Most literary and artistic workers, such as those who write, draw, and compose, are at increased risk of unemployment – all illustrations in this article are created by AI. But the text is written by myself, such as fake replacement.
A recent series of beautiful paintings created by Open AI's Dall-E 2, as well as texts written in conjunction with Microsoft Florence and OpenAI's GPT-3 models, prove that AI can sometimes look better than humans. It is not too much to call this year the first year of AI literary and artistic creation. With a given text or image, AI can produce works that are beyond imagination, bold, interesting, and reasonable.
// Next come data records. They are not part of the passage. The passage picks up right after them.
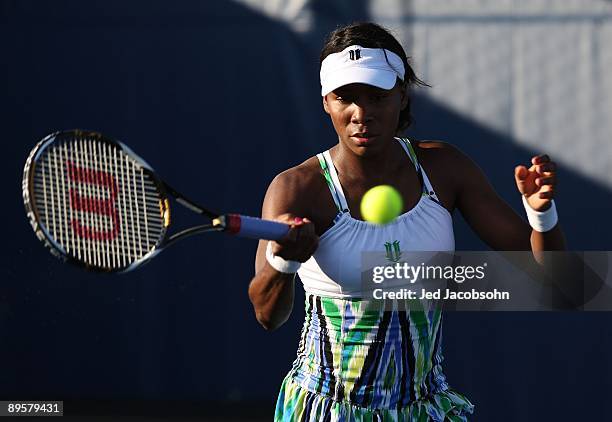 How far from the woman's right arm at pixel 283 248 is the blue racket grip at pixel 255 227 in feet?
0.06

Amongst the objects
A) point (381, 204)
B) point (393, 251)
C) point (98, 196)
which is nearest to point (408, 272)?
point (393, 251)

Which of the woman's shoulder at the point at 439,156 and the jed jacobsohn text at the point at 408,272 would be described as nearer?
the jed jacobsohn text at the point at 408,272

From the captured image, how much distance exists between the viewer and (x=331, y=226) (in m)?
3.15

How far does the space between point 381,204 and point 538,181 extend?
388mm

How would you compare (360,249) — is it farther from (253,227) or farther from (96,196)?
(96,196)

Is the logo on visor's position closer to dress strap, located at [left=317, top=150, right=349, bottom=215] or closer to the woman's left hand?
dress strap, located at [left=317, top=150, right=349, bottom=215]

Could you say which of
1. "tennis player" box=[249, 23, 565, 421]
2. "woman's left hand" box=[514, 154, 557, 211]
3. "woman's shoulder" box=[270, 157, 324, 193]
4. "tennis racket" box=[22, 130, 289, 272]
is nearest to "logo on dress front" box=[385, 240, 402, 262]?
"tennis player" box=[249, 23, 565, 421]

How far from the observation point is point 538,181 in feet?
9.91

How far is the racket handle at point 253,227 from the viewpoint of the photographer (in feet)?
9.16

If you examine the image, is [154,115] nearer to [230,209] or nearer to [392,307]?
[230,209]

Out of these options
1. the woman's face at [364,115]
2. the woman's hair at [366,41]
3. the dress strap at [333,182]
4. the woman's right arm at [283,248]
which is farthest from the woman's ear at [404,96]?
the woman's right arm at [283,248]

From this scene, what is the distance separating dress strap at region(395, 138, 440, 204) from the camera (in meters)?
3.22

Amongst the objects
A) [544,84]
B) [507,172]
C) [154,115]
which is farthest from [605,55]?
[154,115]

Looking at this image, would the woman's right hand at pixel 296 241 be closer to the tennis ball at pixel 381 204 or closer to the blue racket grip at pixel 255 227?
the blue racket grip at pixel 255 227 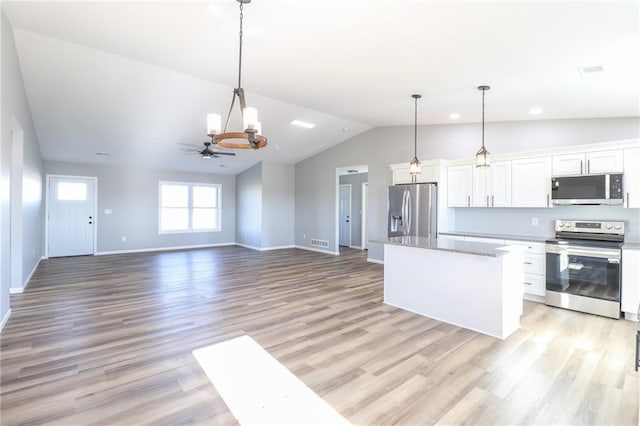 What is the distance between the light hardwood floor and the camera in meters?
2.02

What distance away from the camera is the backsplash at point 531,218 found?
13.3ft

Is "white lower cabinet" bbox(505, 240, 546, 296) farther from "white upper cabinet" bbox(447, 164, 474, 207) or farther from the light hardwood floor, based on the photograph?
"white upper cabinet" bbox(447, 164, 474, 207)

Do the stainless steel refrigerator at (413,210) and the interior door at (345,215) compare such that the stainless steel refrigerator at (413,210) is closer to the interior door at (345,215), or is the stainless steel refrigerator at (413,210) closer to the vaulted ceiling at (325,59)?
the vaulted ceiling at (325,59)

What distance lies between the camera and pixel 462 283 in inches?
137

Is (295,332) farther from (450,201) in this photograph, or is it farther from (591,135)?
(591,135)

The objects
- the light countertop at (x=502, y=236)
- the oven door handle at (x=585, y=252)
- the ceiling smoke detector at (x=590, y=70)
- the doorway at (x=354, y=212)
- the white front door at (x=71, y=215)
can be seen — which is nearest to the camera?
the ceiling smoke detector at (x=590, y=70)

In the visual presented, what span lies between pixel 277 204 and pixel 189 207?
2730 mm

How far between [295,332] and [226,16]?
302 centimetres

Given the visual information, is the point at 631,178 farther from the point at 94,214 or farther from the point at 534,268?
the point at 94,214

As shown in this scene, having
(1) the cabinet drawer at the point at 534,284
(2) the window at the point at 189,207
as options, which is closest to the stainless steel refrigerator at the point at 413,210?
(1) the cabinet drawer at the point at 534,284

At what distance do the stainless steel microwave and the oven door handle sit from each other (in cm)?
61

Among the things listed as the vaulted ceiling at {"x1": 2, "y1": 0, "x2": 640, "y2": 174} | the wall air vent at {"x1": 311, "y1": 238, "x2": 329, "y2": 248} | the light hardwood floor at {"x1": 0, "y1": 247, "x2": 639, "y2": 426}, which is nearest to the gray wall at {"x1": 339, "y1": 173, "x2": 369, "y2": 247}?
the wall air vent at {"x1": 311, "y1": 238, "x2": 329, "y2": 248}

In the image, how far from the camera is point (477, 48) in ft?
9.72

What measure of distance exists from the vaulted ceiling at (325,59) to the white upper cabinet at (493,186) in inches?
31.8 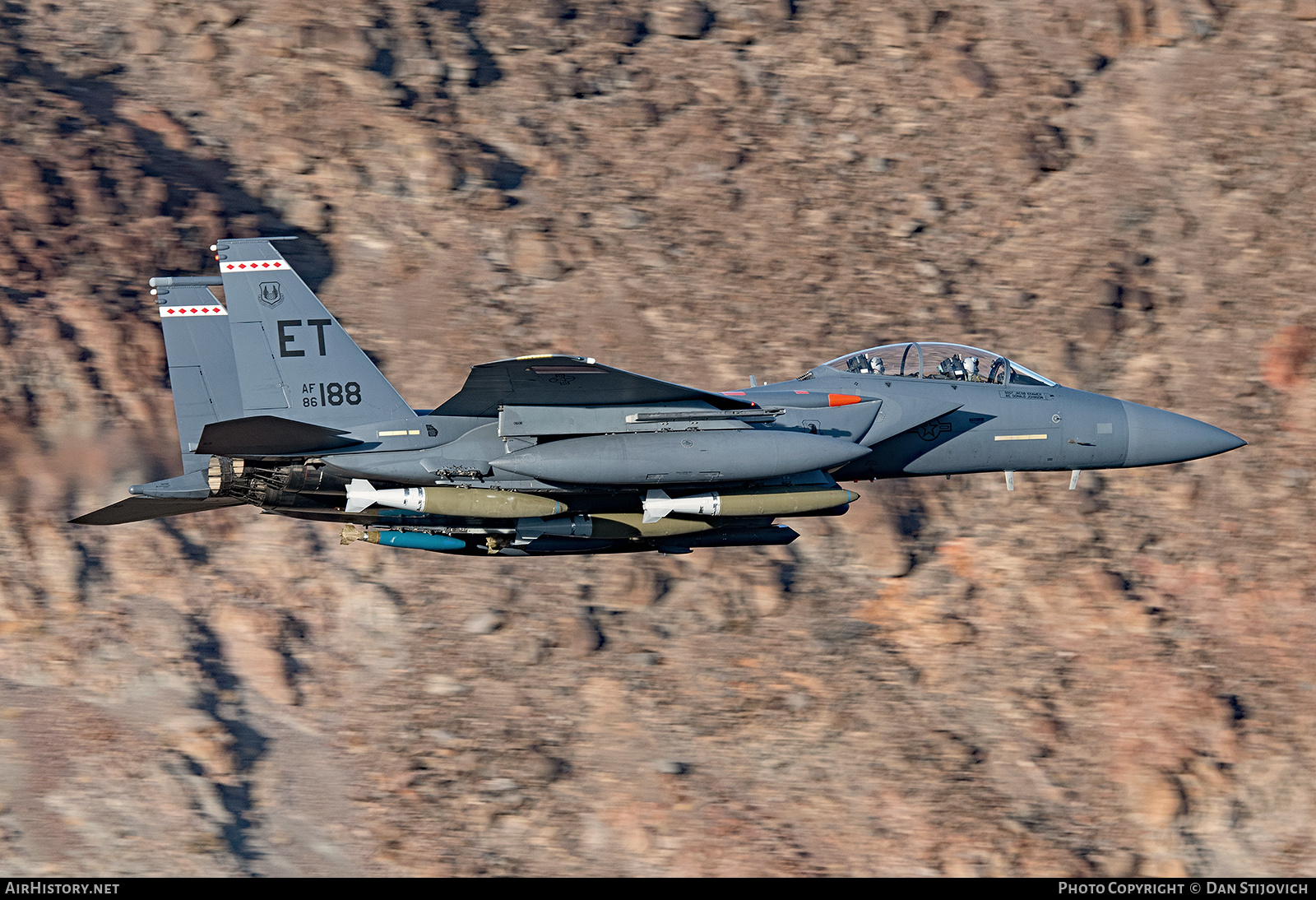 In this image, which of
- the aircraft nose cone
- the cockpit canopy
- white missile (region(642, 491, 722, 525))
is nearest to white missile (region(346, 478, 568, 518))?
white missile (region(642, 491, 722, 525))

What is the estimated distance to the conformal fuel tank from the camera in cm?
1680

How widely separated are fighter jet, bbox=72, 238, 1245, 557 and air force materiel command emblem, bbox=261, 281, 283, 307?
15 mm

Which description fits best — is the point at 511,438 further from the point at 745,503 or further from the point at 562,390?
the point at 745,503

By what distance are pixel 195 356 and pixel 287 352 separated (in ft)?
6.52

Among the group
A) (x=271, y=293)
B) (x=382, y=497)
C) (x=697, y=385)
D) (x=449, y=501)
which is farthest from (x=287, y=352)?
(x=697, y=385)

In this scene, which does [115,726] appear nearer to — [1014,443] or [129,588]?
[129,588]

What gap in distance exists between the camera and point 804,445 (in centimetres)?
1709

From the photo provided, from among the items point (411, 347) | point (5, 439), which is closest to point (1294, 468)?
point (411, 347)

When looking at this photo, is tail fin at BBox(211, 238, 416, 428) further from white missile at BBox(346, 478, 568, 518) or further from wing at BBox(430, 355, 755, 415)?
wing at BBox(430, 355, 755, 415)

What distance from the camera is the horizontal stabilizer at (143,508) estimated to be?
58.6ft

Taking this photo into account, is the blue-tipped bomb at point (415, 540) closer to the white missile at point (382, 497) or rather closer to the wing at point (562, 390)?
the white missile at point (382, 497)

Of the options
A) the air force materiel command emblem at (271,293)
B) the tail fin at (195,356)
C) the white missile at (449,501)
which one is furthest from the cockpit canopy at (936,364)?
the tail fin at (195,356)

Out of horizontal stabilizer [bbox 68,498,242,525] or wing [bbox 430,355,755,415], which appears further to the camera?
horizontal stabilizer [bbox 68,498,242,525]

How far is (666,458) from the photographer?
16891mm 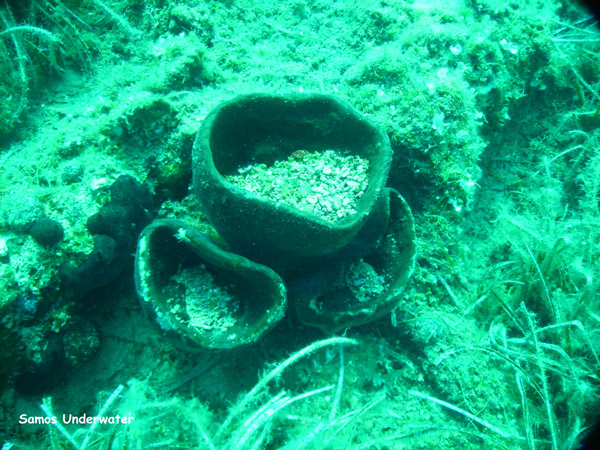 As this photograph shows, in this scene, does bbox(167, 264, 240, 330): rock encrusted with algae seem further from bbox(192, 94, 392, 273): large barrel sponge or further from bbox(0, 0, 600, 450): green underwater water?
bbox(192, 94, 392, 273): large barrel sponge

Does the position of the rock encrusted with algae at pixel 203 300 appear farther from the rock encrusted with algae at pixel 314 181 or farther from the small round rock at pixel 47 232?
the small round rock at pixel 47 232

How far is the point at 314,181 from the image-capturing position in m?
2.46

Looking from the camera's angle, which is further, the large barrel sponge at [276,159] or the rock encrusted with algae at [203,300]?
the rock encrusted with algae at [203,300]

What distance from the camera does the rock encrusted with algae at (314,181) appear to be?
2.29 m

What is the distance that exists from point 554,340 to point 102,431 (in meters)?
3.24

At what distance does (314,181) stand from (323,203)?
0.24 metres

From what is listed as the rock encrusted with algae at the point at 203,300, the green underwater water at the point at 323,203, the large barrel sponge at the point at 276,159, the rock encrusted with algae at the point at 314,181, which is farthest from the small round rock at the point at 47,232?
the rock encrusted with algae at the point at 314,181

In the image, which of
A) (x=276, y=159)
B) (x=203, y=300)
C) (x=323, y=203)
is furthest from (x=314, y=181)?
(x=203, y=300)

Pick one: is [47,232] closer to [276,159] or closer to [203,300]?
[203,300]

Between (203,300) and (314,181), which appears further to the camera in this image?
(314,181)

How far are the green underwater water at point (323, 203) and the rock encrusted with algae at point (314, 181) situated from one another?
48cm

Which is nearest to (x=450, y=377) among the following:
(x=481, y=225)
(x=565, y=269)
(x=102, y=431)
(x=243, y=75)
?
(x=565, y=269)

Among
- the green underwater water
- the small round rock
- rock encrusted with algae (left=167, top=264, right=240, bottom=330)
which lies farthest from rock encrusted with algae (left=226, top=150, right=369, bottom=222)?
the small round rock

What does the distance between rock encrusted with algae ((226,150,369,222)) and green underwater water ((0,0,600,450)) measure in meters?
0.48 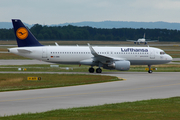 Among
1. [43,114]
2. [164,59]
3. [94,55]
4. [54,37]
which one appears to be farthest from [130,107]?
[54,37]

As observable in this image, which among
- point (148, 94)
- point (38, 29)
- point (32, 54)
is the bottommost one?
point (148, 94)

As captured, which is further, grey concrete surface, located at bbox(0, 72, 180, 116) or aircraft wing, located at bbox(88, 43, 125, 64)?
aircraft wing, located at bbox(88, 43, 125, 64)

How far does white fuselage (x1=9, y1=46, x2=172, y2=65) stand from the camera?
3956cm

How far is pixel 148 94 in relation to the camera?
21.5 m

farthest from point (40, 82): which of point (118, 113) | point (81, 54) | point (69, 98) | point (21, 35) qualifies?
point (118, 113)

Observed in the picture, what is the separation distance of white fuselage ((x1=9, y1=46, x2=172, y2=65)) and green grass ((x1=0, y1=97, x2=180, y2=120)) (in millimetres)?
23976

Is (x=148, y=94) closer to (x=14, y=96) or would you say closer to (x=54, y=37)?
(x=14, y=96)

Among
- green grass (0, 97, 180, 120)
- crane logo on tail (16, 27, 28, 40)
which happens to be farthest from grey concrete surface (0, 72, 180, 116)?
crane logo on tail (16, 27, 28, 40)

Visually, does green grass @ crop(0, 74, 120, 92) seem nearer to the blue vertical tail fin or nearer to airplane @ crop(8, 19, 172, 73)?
airplane @ crop(8, 19, 172, 73)

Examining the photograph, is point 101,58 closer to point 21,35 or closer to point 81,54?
point 81,54

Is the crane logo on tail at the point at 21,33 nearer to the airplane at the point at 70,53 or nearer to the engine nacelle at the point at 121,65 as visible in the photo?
the airplane at the point at 70,53

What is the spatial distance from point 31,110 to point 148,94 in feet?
31.4

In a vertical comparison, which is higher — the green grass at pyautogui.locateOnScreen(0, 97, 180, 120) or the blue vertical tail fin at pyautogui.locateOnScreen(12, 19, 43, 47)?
the blue vertical tail fin at pyautogui.locateOnScreen(12, 19, 43, 47)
There is indeed no lack of "epoch-making" significance.
▲Dall-E 2's astronaut space driving map
These advances are built on a huge "cornerstone model" that gives AI capabilities that its creators could not have foreseen. The artificial intelligence models of the past had the "roughness" of a manual workshop. Through long-term adjustments, the potential capabilities of the "cornerstone model" have become a development trend visible to the naked eye.
Artificial intelligence is about to enter the era of industrial mass production.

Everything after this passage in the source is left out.